__ASSIGNMENT__
Locate, in the data below, the line that contains "Toolour Magnetic Helping" and the line that contains "Balon foliowy body Hello Baby, 51x45 cm"; reproduce exactly those two lines and every line between them, nothing more.

Dataset excerpts

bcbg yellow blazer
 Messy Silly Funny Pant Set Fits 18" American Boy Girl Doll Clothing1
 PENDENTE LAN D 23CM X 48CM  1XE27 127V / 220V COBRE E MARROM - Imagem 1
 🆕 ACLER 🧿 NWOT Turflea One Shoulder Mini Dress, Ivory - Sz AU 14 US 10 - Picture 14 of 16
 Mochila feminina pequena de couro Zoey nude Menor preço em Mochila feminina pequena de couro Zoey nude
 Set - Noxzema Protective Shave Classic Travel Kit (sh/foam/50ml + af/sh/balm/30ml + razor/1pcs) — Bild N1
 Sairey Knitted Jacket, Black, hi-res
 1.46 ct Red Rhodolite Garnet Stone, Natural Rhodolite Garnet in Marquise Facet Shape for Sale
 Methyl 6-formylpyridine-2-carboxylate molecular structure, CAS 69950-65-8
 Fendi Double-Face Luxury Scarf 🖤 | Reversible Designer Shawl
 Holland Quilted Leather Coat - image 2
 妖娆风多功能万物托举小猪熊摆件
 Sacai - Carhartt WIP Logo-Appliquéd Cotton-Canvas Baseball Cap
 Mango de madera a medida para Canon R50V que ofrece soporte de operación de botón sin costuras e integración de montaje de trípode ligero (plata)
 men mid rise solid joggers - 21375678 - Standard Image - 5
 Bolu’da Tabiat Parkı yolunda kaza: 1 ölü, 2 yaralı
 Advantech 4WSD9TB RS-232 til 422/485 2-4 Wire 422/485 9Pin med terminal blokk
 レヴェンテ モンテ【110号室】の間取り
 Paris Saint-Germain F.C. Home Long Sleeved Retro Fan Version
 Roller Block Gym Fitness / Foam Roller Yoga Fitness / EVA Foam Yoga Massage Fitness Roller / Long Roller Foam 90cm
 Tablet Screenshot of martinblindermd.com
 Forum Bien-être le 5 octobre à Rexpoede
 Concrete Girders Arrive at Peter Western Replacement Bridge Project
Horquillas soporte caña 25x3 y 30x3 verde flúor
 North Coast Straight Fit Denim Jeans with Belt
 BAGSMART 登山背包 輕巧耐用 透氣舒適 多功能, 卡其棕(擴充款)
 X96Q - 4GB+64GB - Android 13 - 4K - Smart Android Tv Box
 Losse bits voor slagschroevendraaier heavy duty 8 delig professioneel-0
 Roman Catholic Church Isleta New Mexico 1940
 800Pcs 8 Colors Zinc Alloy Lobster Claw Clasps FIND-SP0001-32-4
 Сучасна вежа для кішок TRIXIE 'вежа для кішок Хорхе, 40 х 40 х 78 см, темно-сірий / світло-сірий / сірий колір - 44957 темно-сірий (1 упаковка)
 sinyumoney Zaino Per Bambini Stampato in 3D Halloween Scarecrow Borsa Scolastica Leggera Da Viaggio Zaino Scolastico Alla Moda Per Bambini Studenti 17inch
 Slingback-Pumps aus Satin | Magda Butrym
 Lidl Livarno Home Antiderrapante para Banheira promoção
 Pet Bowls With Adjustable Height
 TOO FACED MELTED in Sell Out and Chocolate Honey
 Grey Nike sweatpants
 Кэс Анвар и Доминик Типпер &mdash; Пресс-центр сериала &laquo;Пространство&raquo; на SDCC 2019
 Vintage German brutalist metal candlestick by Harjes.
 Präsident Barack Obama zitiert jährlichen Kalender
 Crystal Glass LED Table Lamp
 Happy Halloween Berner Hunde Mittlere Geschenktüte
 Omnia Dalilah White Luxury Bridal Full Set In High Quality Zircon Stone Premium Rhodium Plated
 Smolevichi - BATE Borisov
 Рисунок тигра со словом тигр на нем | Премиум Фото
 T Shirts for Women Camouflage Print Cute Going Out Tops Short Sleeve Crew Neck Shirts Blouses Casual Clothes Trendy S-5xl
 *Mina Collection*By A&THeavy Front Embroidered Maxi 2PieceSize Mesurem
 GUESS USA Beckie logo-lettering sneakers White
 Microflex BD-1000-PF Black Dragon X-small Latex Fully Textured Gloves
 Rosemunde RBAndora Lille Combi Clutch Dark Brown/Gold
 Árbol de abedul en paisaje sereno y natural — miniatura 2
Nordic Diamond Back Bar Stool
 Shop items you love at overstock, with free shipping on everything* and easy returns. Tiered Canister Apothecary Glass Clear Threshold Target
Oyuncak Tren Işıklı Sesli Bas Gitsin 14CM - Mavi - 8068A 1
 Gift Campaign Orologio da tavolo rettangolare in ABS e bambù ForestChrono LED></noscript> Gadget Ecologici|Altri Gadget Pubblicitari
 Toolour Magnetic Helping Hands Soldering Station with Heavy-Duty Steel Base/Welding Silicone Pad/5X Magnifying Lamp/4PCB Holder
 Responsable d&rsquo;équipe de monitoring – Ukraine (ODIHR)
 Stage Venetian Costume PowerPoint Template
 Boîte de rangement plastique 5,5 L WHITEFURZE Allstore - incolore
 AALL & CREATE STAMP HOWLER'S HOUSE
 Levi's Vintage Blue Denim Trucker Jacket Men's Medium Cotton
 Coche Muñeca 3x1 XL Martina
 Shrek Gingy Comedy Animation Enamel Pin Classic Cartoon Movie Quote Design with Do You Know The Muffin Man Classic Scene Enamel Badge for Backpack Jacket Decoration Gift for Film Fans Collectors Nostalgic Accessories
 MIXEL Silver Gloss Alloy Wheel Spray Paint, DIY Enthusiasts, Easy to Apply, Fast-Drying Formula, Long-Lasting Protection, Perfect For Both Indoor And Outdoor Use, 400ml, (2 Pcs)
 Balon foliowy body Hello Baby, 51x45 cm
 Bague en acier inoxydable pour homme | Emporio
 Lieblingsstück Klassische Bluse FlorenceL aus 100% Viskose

__COMPLETED TASK__
 Toolour Magnetic Helping Hands Soldering Station with Heavy-Duty Steel Base/Welding Silicone Pad/5X Magnifying Lamp/4PCB Holder
 Responsable d&rsquo;équipe de monitoring – Ukraine (ODIHR)
 Stage Venetian Costume PowerPoint Template
 Boîte de rangement plastique 5,5 L WHITEFURZE Allstore - incolore
 AALL & CREATE STAMP HOWLER'S HOUSE
 Levi's Vintage Blue Denim Trucker Jacket Men's Medium Cotton
 Coche Muñeca 3x1 XL Martina
 Shrek Gingy Comedy Animation Enamel Pin Classic Cartoon Movie Quote Design with Do You Know The Muffin Man Classic Scene Enamel Badge for Backpack Jacket Decoration Gift for Film Fans Collectors Nostalgic Accessories
 MIXEL Silver Gloss Alloy Wheel Spray Paint, DIY Enthusiasts, Easy to Apply, Fast-Drying Formula, Long-Lasting Protection, Perfect For Both Indoor And Outdoor Use, 400ml, (2 Pcs)
 Balon foliowy body Hello Baby, 51x45 cm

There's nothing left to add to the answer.